- **Data for review**
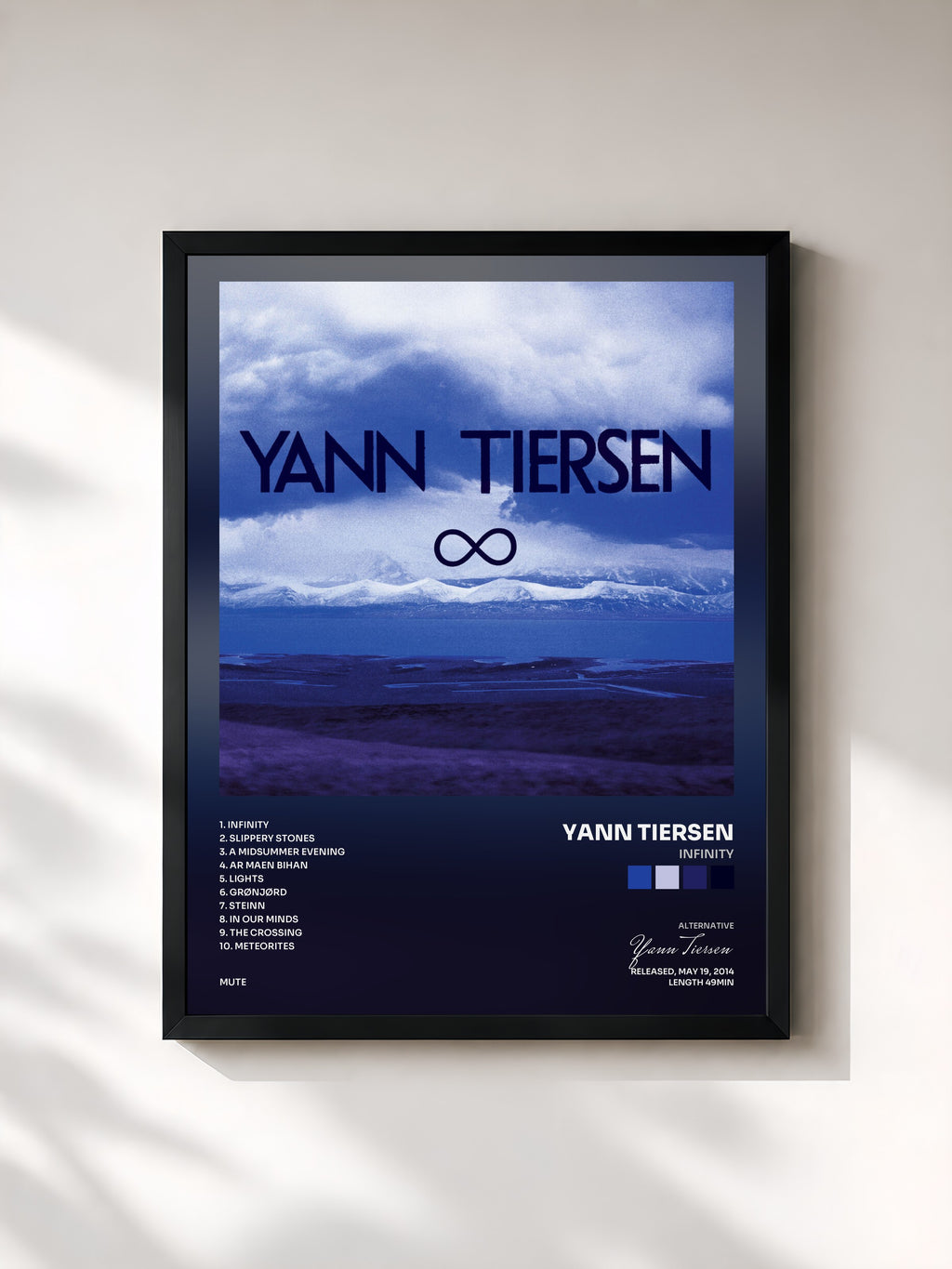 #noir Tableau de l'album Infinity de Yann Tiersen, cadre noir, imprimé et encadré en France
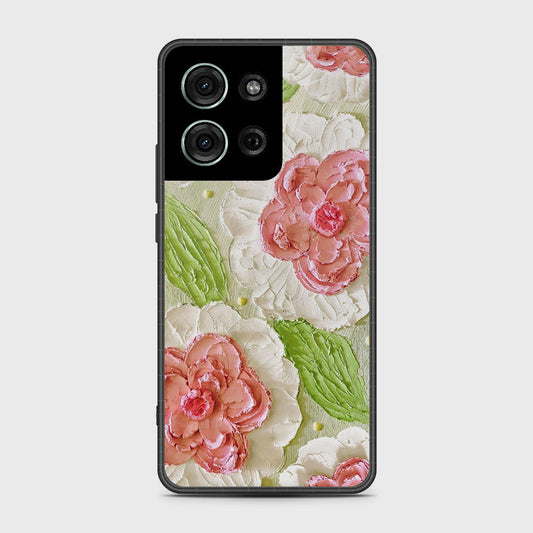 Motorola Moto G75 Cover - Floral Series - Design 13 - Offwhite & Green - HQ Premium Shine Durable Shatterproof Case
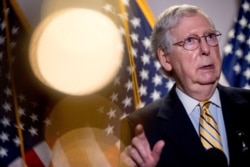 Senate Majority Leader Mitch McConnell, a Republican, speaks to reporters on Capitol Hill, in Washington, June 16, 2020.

--

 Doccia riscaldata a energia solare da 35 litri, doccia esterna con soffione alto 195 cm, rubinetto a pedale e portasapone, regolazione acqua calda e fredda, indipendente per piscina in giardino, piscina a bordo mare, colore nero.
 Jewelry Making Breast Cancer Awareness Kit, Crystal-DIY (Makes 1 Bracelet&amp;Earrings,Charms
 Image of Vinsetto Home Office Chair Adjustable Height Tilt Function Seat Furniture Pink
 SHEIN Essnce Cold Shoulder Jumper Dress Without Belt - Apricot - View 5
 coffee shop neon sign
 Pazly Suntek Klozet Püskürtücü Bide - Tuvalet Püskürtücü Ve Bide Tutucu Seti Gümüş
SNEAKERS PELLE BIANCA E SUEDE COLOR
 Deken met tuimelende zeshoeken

- **Instructions for the task**
Nothing outside the stretch above, from the line with "#noir Tableau de" through the line with "Senate Majority Leader", is set down. Transcribe that stretch exactly, ends included, but not its pictures.

- **Answer space**
 #noir Tableau de l'album Infinity de Yann Tiersen, cadre noir, imprimé et encadré en France
 Motorola Moto G75 Cover - Floral Series - Design 13 - Offwhite & Green - HQ Premium Shine Durable Shatterproof Case
 Senate Majority Leader Mitch McConnell, a Republican, speaks to reporters on Capitol Hill, in Washington, June 16, 2020.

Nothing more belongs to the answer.